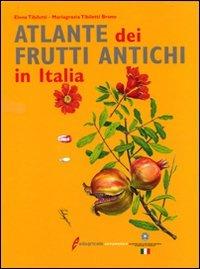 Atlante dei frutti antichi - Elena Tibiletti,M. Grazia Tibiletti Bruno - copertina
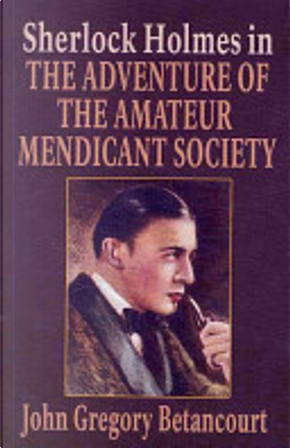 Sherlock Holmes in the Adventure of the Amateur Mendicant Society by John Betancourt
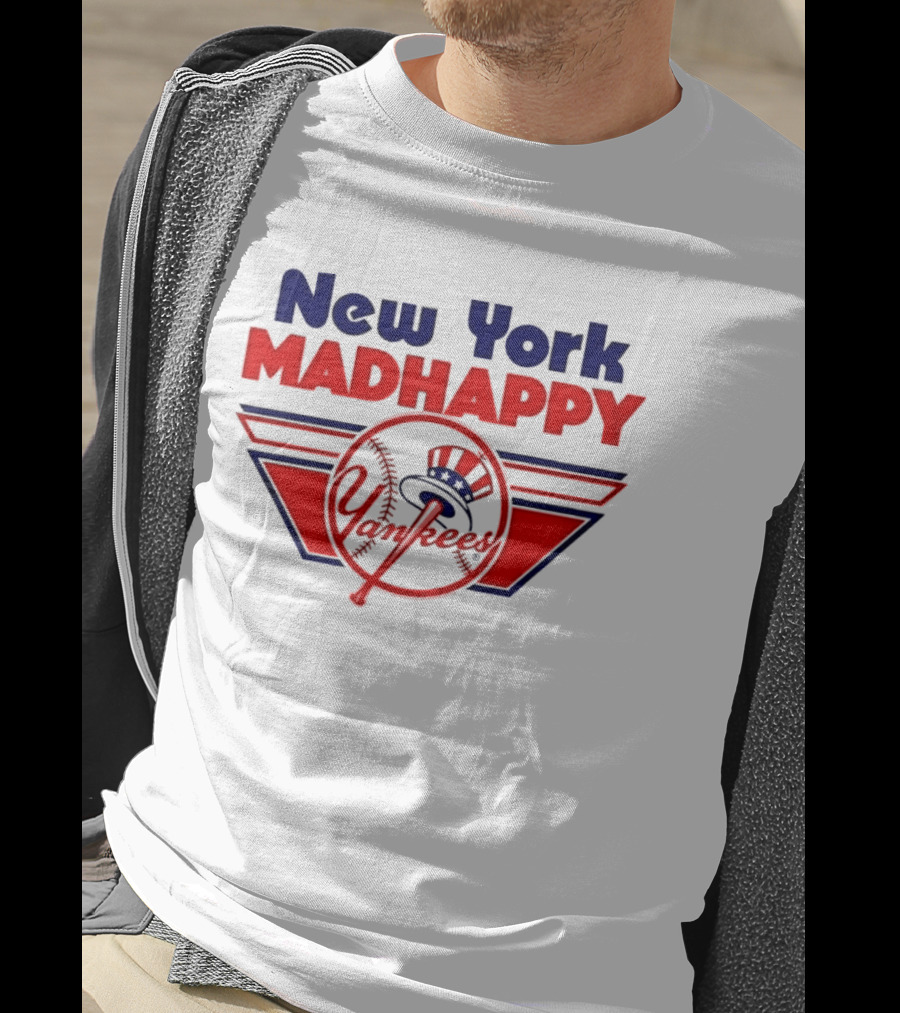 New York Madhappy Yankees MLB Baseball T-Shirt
■ ■ ■ ■
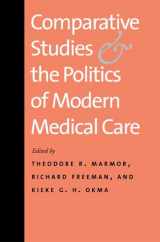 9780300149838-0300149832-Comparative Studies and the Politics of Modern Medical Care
■ ■ ■ ■
Your task: Working from the data above, repeat exactly, and only, the lines that begin at the line containing "Atlante dei frutti" and stop after the line containing "New York Madhappy"; pictures are not copied.

Task output:
 Atlante dei frutti antichi - Elena Tibiletti,M. Grazia Tibiletti Bruno - copertina
 Sherlock Holmes in the Adventure of the Amateur Mendicant Society by John Betancourt
 New York Madhappy Yankees MLB Baseball T-Shirt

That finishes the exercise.